* Your task
The pictures in the listing below are to be skipped, while the lines between the line holding "Welcome to quiz" and the line holding "The examples in", inclusive, are to be output exactly.

** Source data follows **

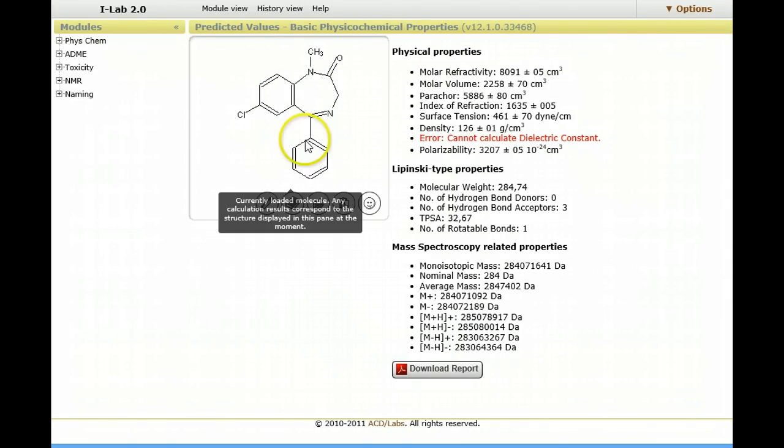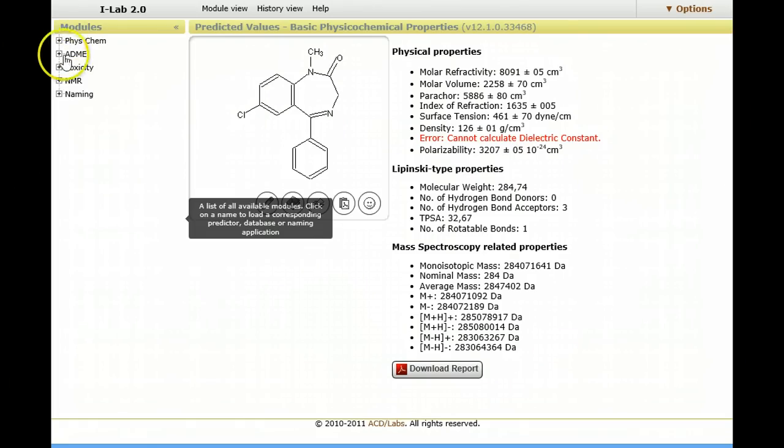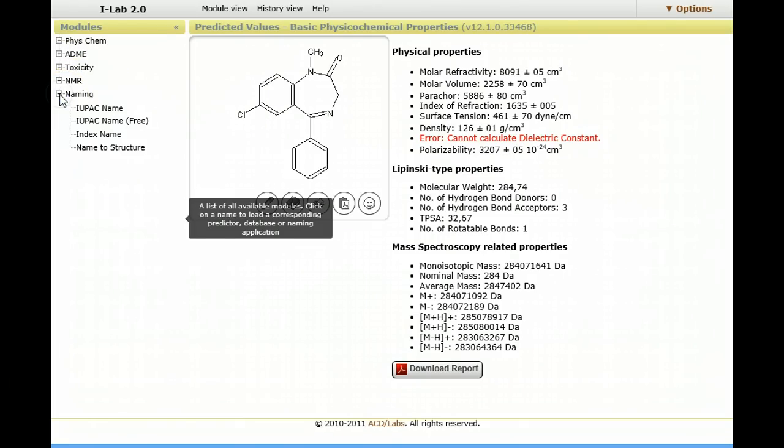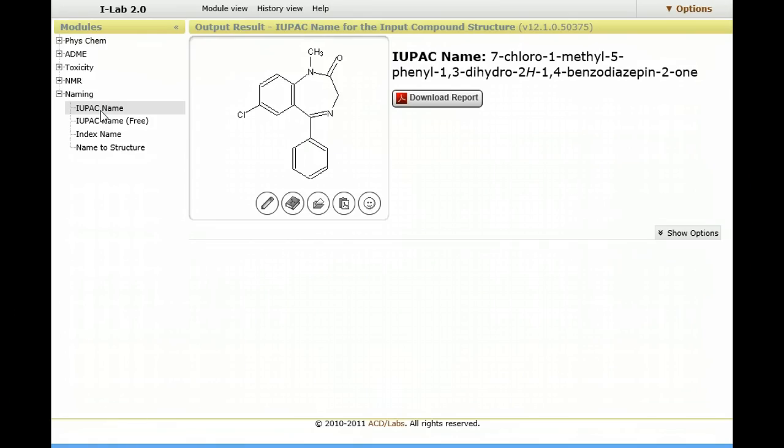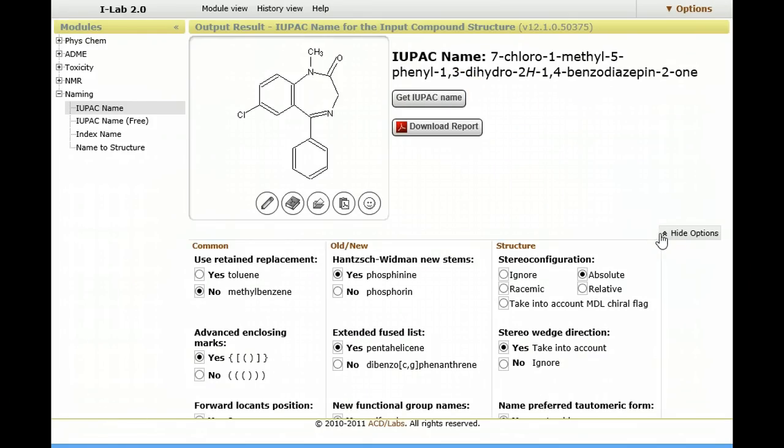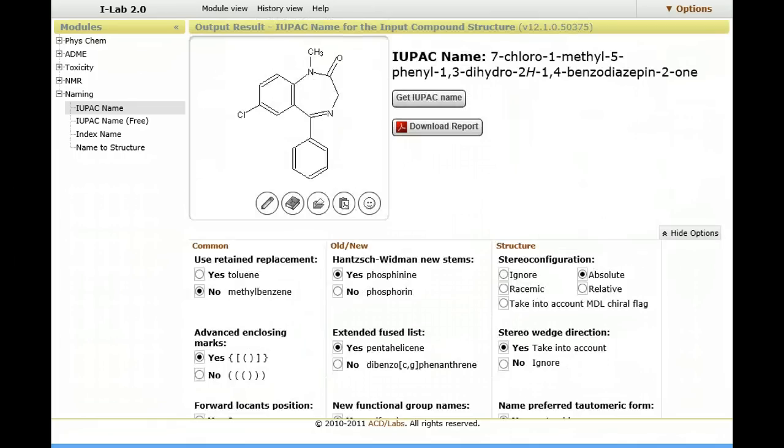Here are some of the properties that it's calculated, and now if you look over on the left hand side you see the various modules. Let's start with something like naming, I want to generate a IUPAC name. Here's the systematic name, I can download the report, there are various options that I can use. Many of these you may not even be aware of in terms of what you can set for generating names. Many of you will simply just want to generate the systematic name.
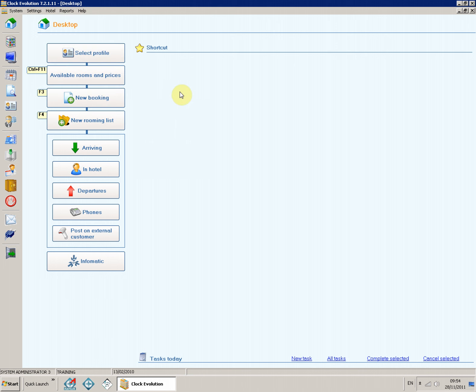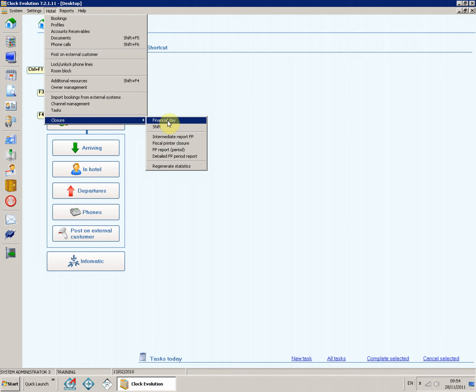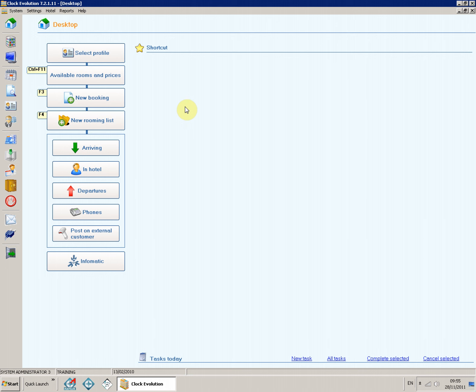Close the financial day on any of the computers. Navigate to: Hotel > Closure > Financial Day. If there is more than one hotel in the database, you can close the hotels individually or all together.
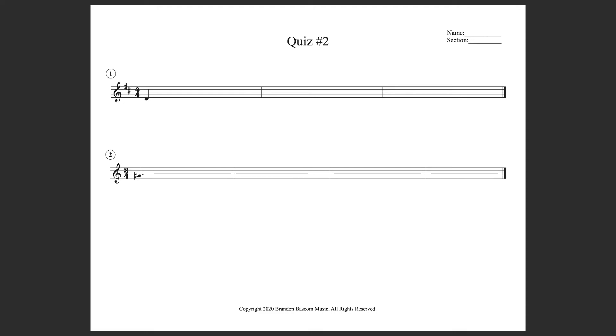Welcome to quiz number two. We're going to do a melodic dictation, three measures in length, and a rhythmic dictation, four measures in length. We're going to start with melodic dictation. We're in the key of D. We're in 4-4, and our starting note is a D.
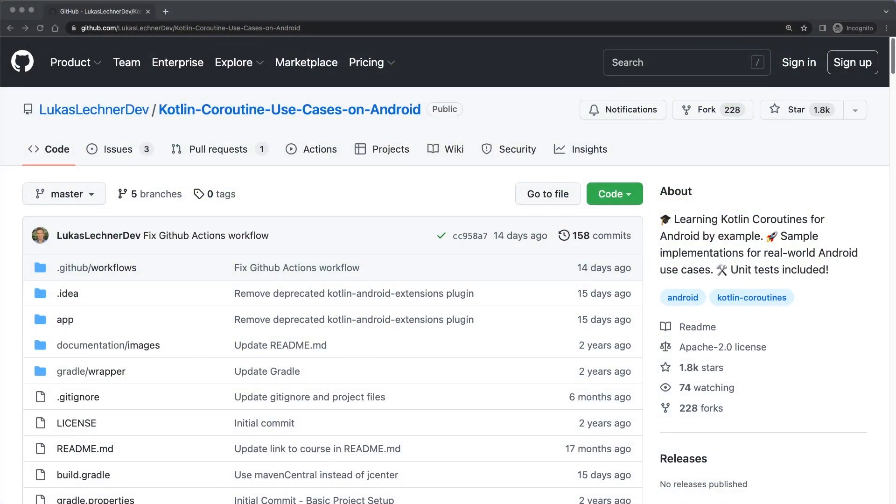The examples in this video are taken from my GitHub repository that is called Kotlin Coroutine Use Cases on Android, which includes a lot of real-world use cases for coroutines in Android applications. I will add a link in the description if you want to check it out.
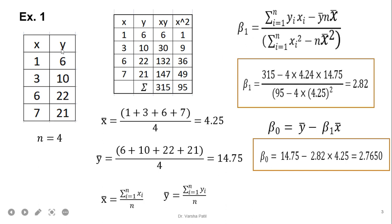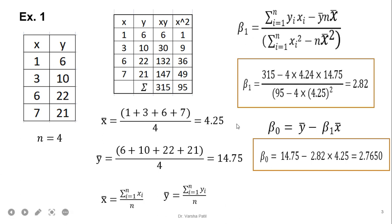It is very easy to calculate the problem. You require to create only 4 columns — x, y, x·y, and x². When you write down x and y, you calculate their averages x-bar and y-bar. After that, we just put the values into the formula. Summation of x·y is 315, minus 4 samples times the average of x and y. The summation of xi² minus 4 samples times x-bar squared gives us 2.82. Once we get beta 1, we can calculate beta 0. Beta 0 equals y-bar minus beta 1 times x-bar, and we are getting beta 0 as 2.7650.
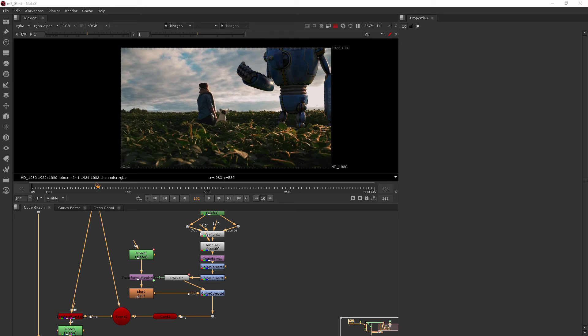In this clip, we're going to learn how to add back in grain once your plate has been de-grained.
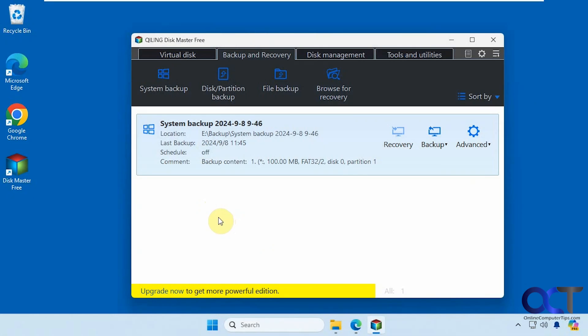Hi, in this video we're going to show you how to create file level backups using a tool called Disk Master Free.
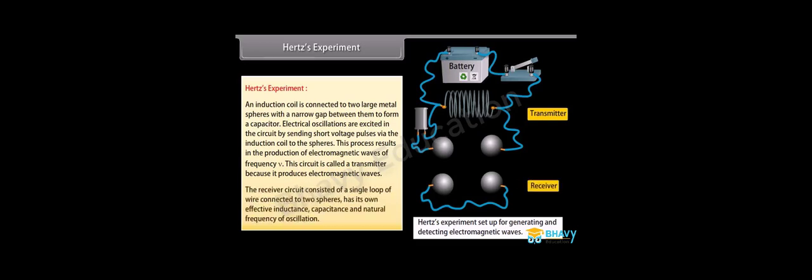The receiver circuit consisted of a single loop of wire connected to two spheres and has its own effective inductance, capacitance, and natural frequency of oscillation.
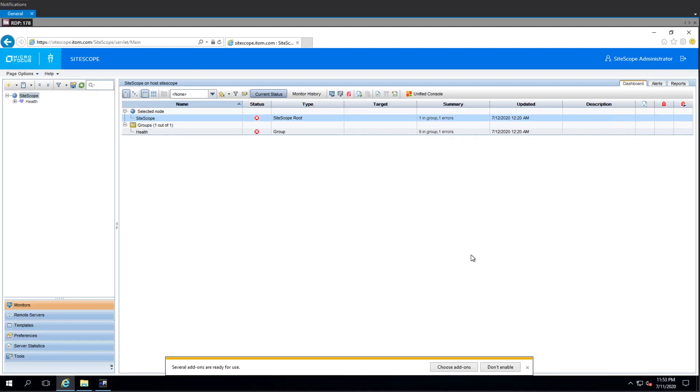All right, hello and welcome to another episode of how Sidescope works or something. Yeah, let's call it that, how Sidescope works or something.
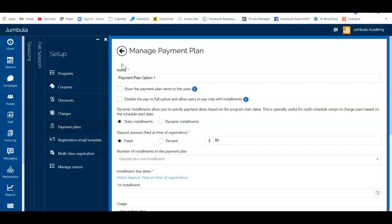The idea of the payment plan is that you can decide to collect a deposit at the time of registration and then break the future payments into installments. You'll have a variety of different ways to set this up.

** End of Source data **

* Solved problem
Welcome to quiz number two. We're going to do a melodic dictation, three measures in length, and a rhythmic dictation, four measures in length. We're going to start with melodic dictation. We're in the key of D. We're in 4-4, and our starting note is a D.
The examples in this video are taken from my GitHub repository that is called Kotlin Coroutine Use Cases on Android, which includes a lot of real-world use cases for coroutines in Android applications. I will add a link in the description if you want to check it out.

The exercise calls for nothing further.